To solve the performance jitter caused by compaction, academic experts have put forward many structures such as VT-tree, bLSM, PE, PCP, and dCompaction. Although these algorithms can optimize the compaction performance across multiple aspects, they cannot reduce consumption of CPU resources by compaction. Based on relevant research statistics, when using SSD storage devices, the computing operations of compaction in the system consumes approximately 60% of computing resources. Therefore, no matter what optimizations we implement for compaction in the software layer, for all LSM-tree based storage engines, performance jitter caused by compaction is always an Achilles' heel.

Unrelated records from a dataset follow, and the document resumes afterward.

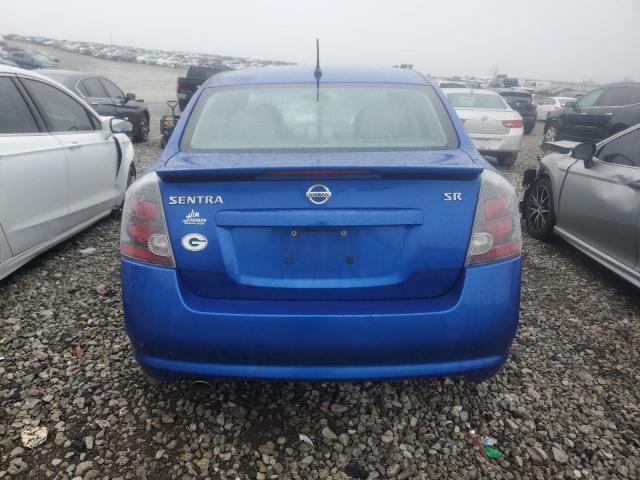 Photo 6 from auction – 2011 NISSAN SENTRA 2.0 with VIN 3N1AB6AP4BL654070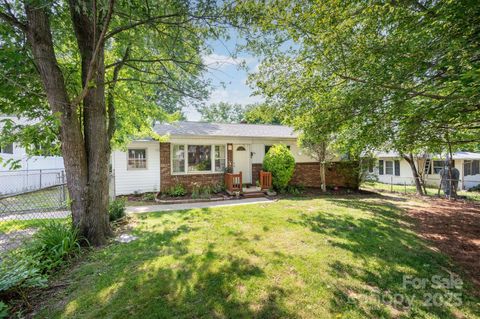 189 Onteora Boulevard Asheville NC 28803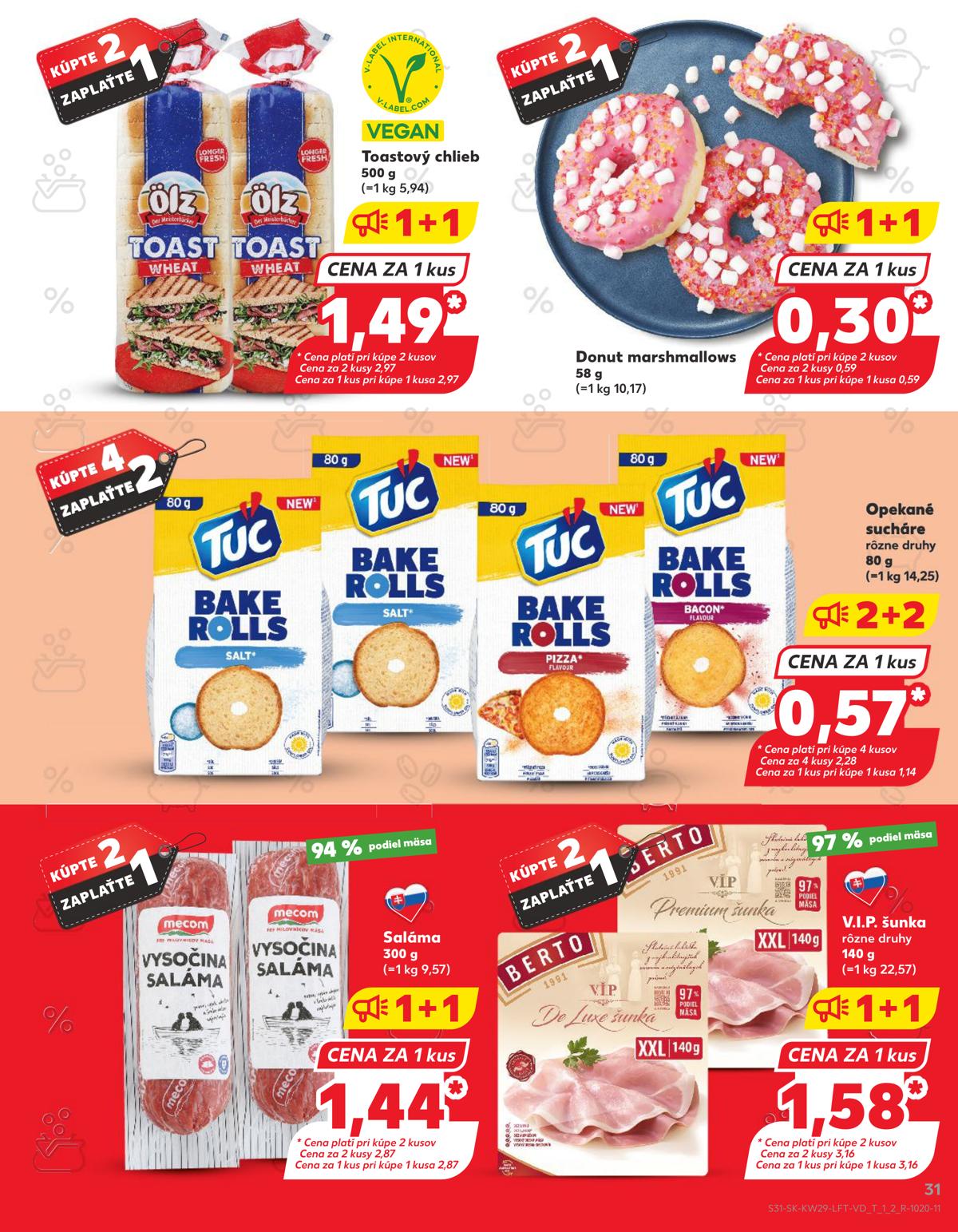 Kaufland leaflet 032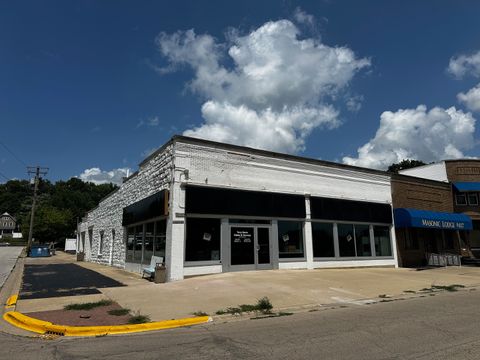 158 Washington Street Marseilles IL 61341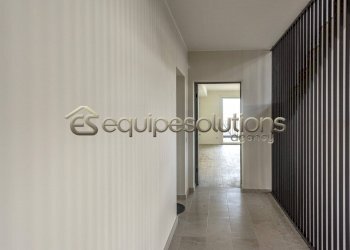 Four-room apartment Via Marigolda, Curno - photo 28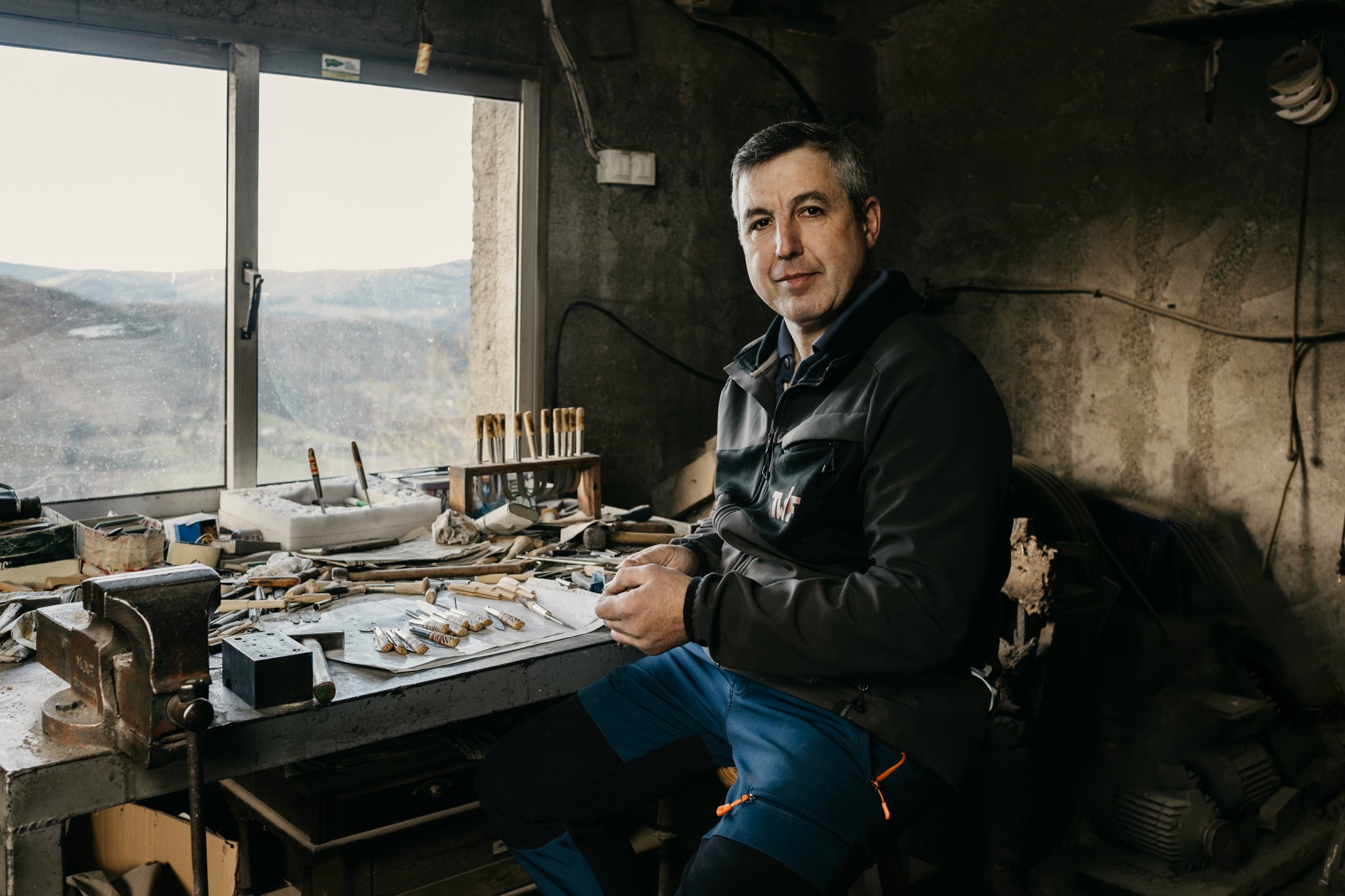 Taramundi | Lorena Grandío Fotografía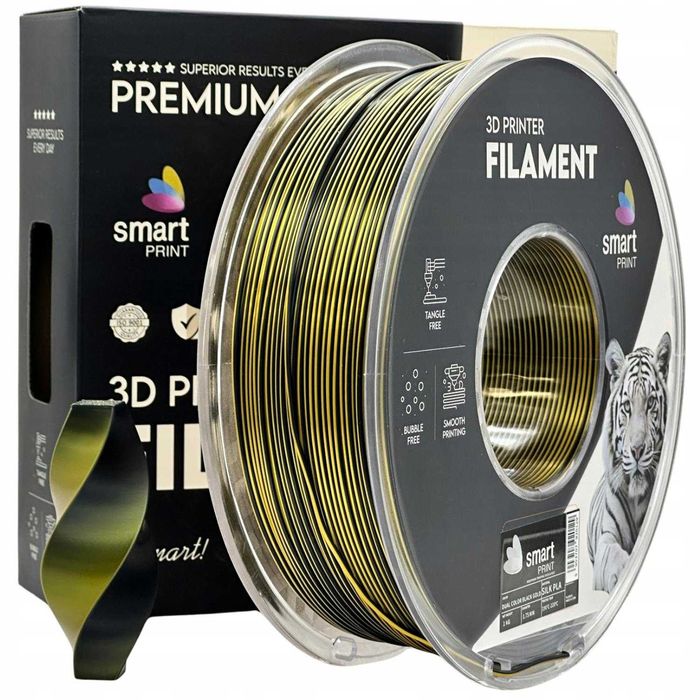 Качествен Филамент за 3Д принтер Filament PLA PETG PCTG ABS ASA TPU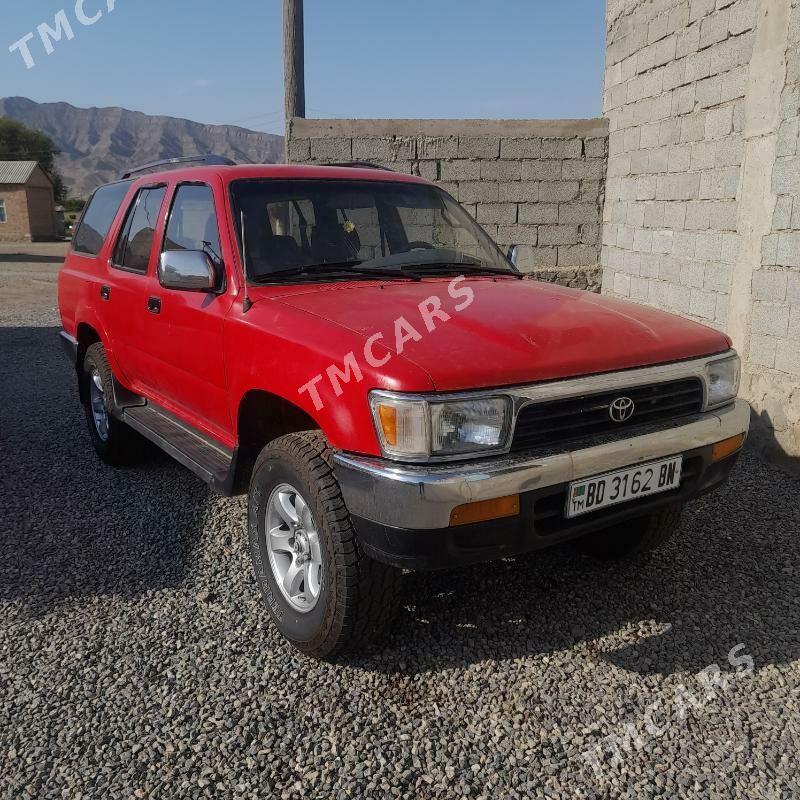 Toyota 4Runner 1996 - 80 000 TMT - Bereket - img 4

Fortunately, special hardware opens a new door for solving performance jitter caused by compaction. In fact, it has become a trend to use special hardware in solving traditional databases' performance bottlenecks. We have already offloaded database operations such as Select and Where to FPGA, and more complex operations such as Group By are under research. However, the current FPGA acceleration solutions have a couple of drawbacks:

  1. The current acceleration solutions are designed for the SQL layer; FPGA is generally placed between storage and host and is used as a filter. Although, researchers have made numerous attempts to use FPGA to accelerate the OLAP system, the FPGA acceleration design for the OLAP system remains a challenge.
  2. While FPGA's chip size is getting smaller and smaller, FPGA's internal errors such as single event upset (SEU) pose greater and greater threats to FPGA reliability. For a single chip, the probability of internal error is 3-5 years. Therefore, the fault tolerance mechanism design becomes vitally important for systems in need of large-scale availability.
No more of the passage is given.